» **COLLECTED DATA**:
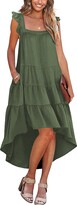 Thumbnail for your product : Kirundo Women 2023 Summer Sleeveless Ruffle High Low Square Neck Midi Dress Loose Fit Pleated Flowy Holiday Beach Sun Dress(Army Green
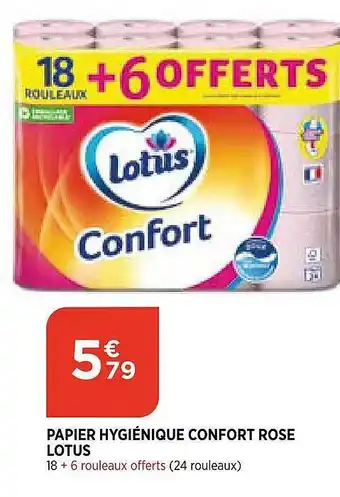 Bi1 Papier Hygiénique Confort Rose Lotus offre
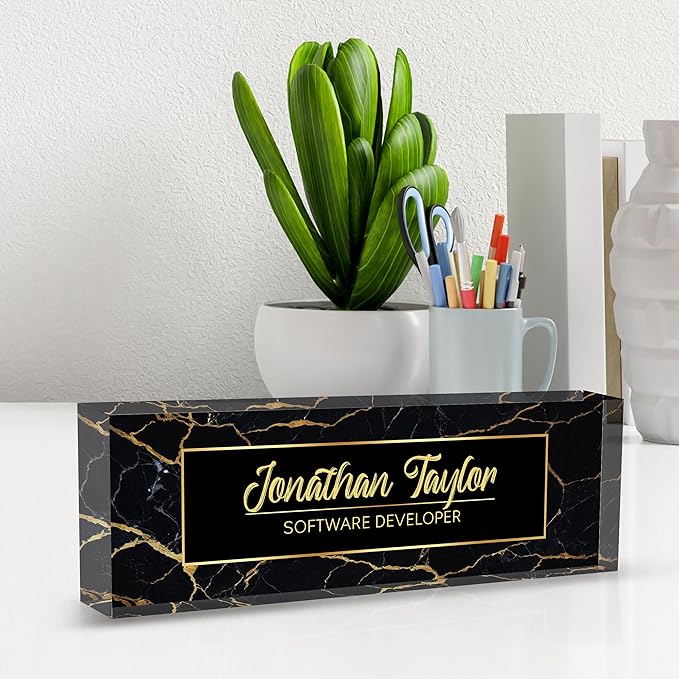 Custom Desk Name Plate Personalized, Acrylic Name Plate for Desk, Office Desk Decor for Women and Men, Employee Appreciation Gifts Office Gifts for Boss, Manager, Teacher, Nurse (Black Gold Marble)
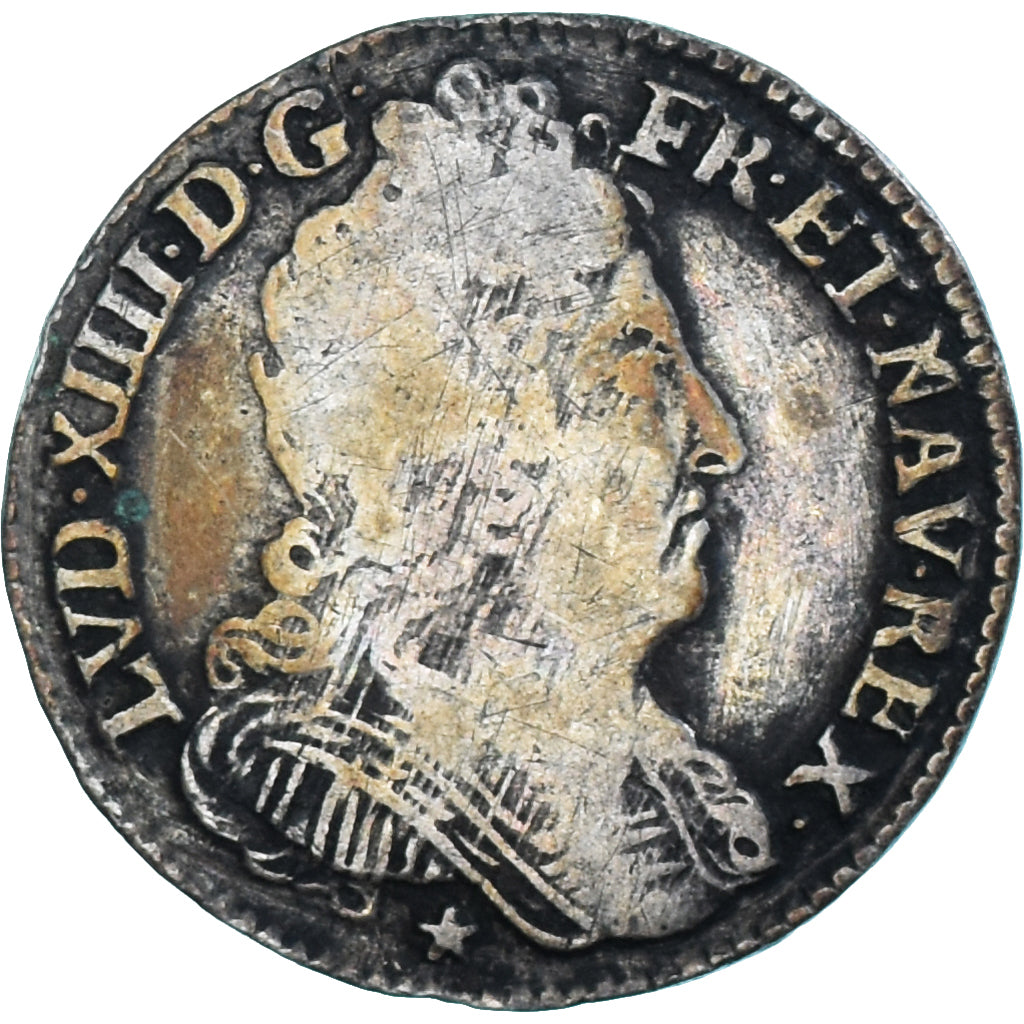 Moneda, Francia, Louis XIV, 11 Sols de Strasbourg, 10 Sols-1/8 Ecu, 1710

» **PROBLEM DETAILS**:
Take the line containing "Bi1 Papier Hygiénique" through the last line of the material and retype exactly those lines, both ends included, with no pictures.

» **RESPONSE**:
 Bi1 Papier Hygiénique Confort Rose Lotus offre
 Custom Desk Name Plate Personalized, Acrylic Name Plate for Desk, Office Desk Decor for Women and Men, Employee Appreciation Gifts Office Gifts for Boss, Manager, Teacher, Nurse (Black Gold Marble)
 Moneda, Francia, Louis XIV, 11 Sols de Strasbourg, 10 Sols-1/8 Ecu, 1710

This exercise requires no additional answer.